Top of DATA PROVIDED

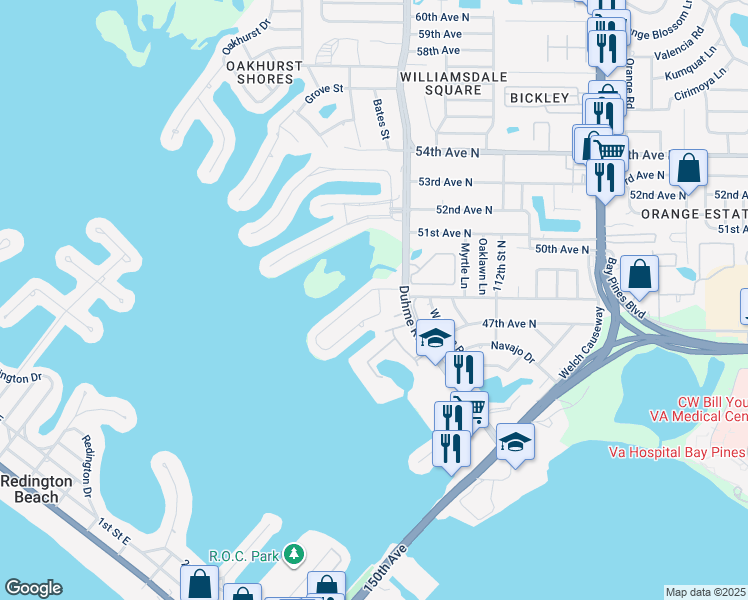 map of restaurants, bars, coffee shops, grocery stores, and more near 4740 114th Street North in Saint Petersburg
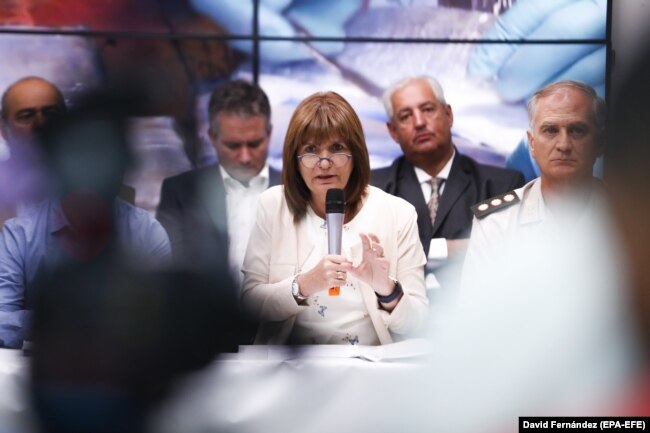 Министр безопасности Аргентины Патрисия Буллрич на пресс-конференции, 22 февраля 2018 года. Фото: EPA-EFE
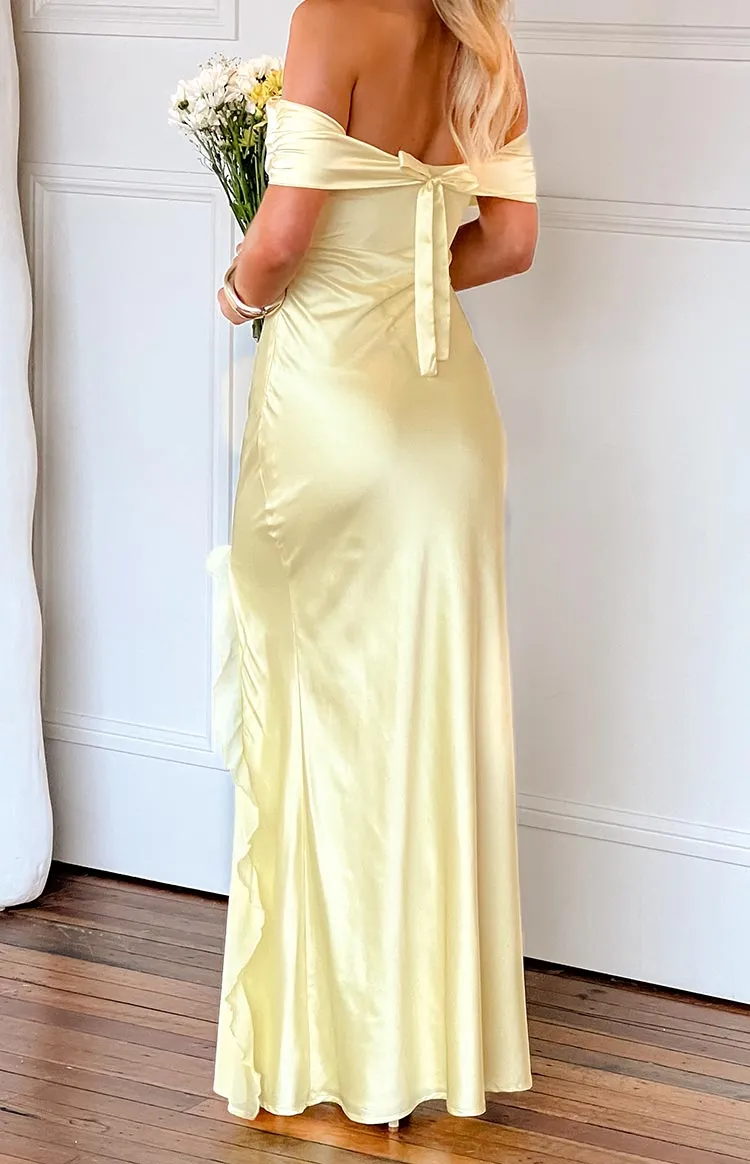 Satin Off Shoulder Off Maxi Dress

Bottom of DATA PROVIDED

◆ TRY IT:
Quote the listing above in full, except for the pictures.

◆ EXERCISE OUTPUT:
 map of restaurants, bars, coffee shops, grocery stores, and more near 4740 114th Street North in Saint Petersburg
 Министр безопасности Аргентины Патрисия Буллрич на пресс-конференции, 22 февраля 2018 года. Фото: EPA-EFE
 Satin Off Shoulder Off Maxi Dress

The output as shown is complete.